**Problem to solve:**
Your output should be the lines below from the one with "TV Cabinet Smoked" through the one with "セジュールフォレスタ(1LDK/1階)の間取り写真", copied exactly, pictures excluded.

**Study material:**
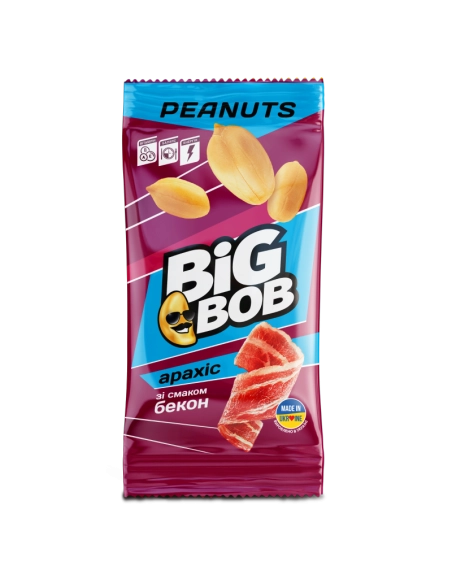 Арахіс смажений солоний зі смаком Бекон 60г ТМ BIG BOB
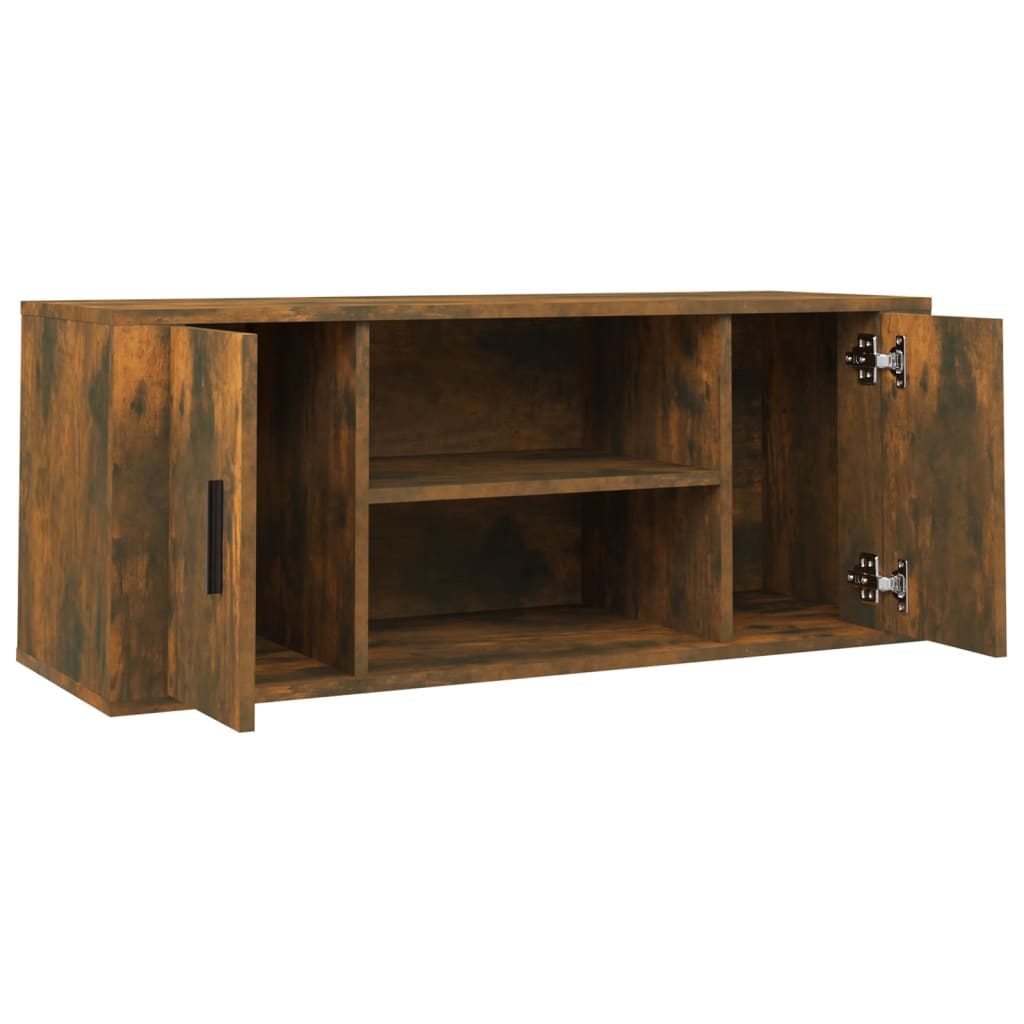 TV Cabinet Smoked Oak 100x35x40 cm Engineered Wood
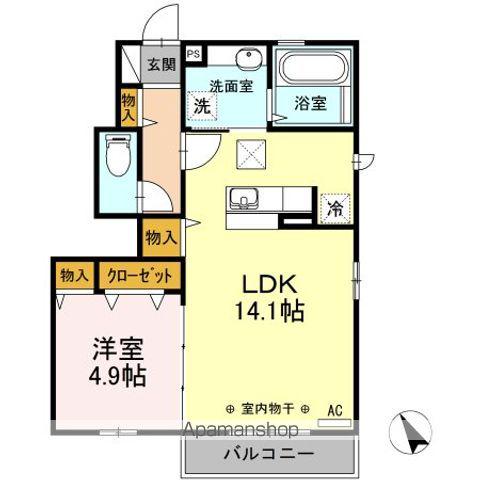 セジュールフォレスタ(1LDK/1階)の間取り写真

--

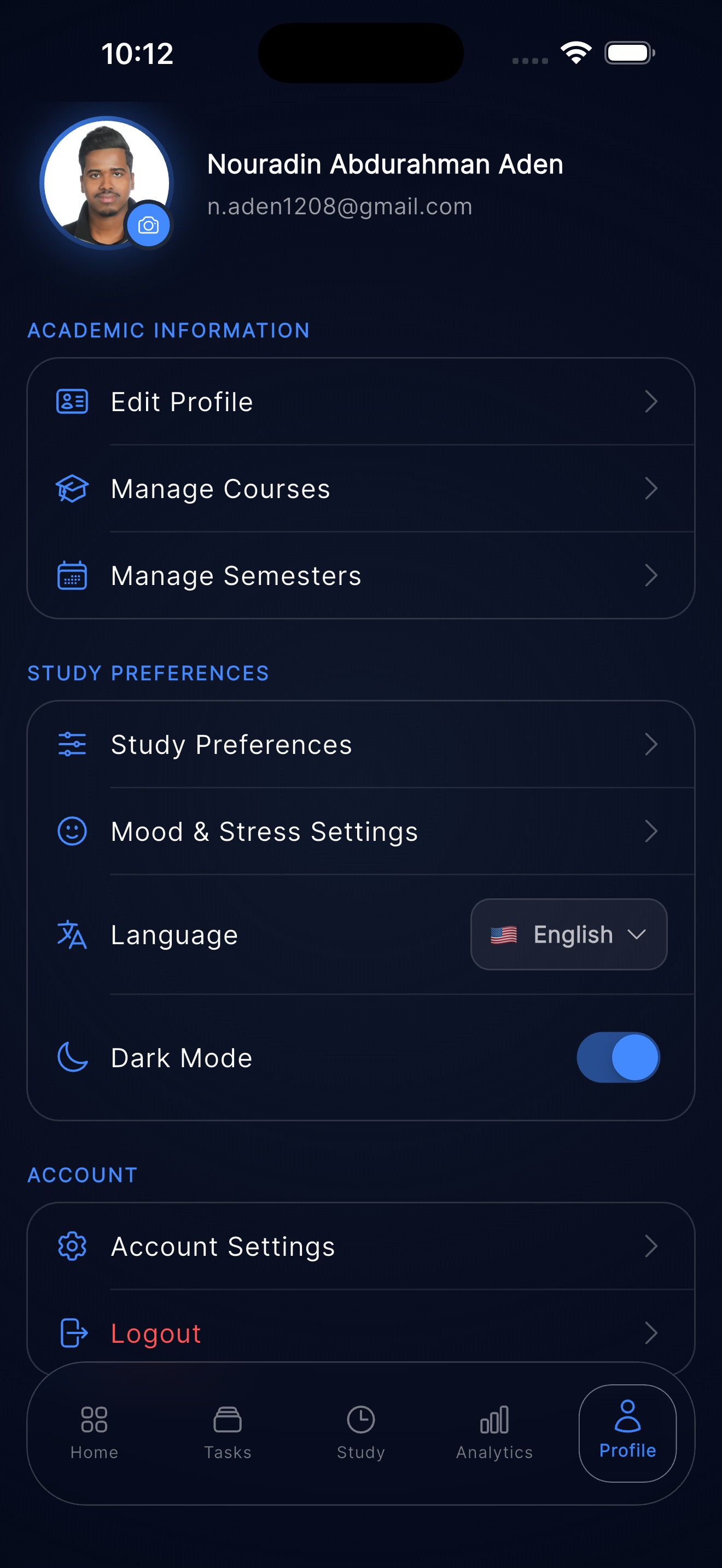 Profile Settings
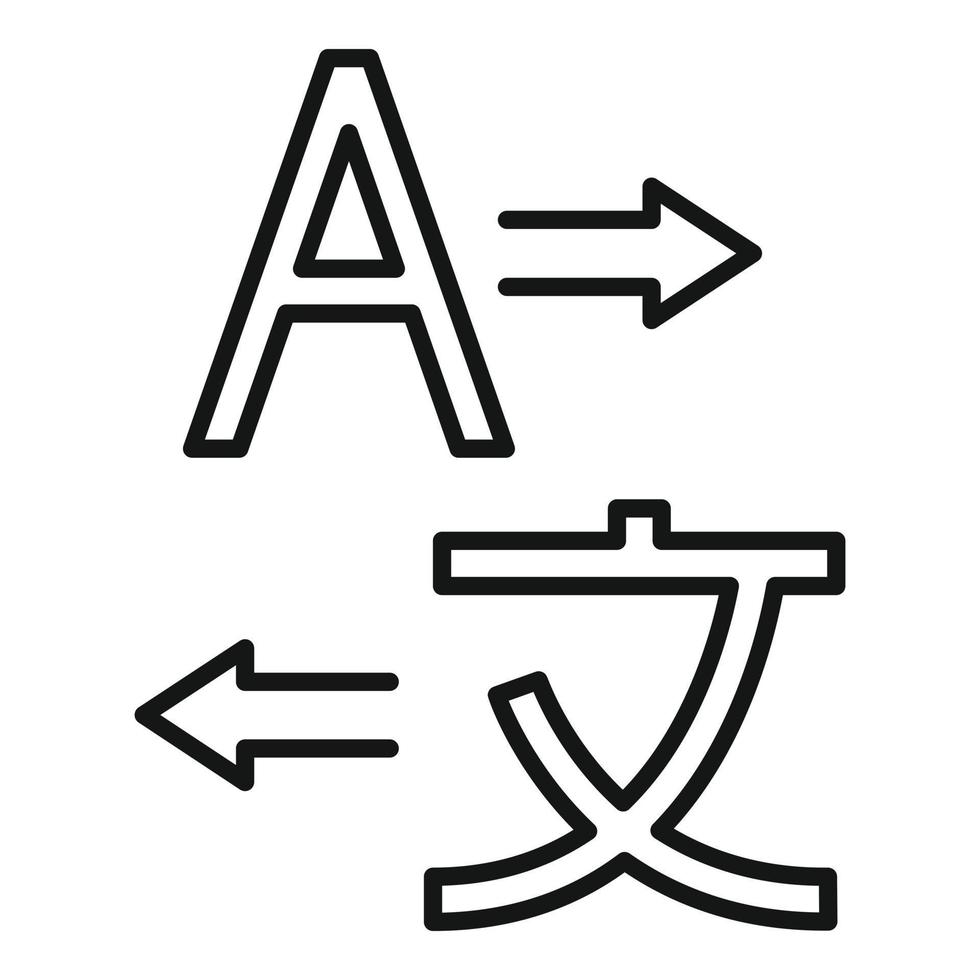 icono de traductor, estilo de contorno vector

...

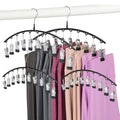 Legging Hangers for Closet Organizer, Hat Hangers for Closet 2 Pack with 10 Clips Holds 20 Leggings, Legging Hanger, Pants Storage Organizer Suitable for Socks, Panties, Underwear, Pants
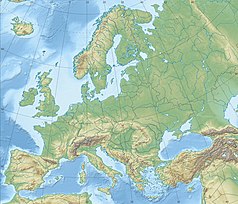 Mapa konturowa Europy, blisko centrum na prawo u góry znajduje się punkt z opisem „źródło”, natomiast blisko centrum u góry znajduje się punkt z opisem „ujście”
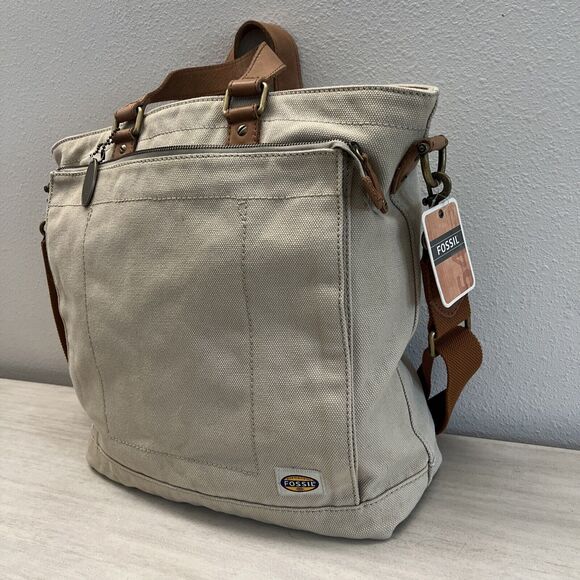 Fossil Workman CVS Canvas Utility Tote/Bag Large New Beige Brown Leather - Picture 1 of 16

**Task output:**
 TV Cabinet Smoked Oak 100x35x40 cm Engineered Wood
 セジュールフォレスタ(1LDK/1階)の間取り写真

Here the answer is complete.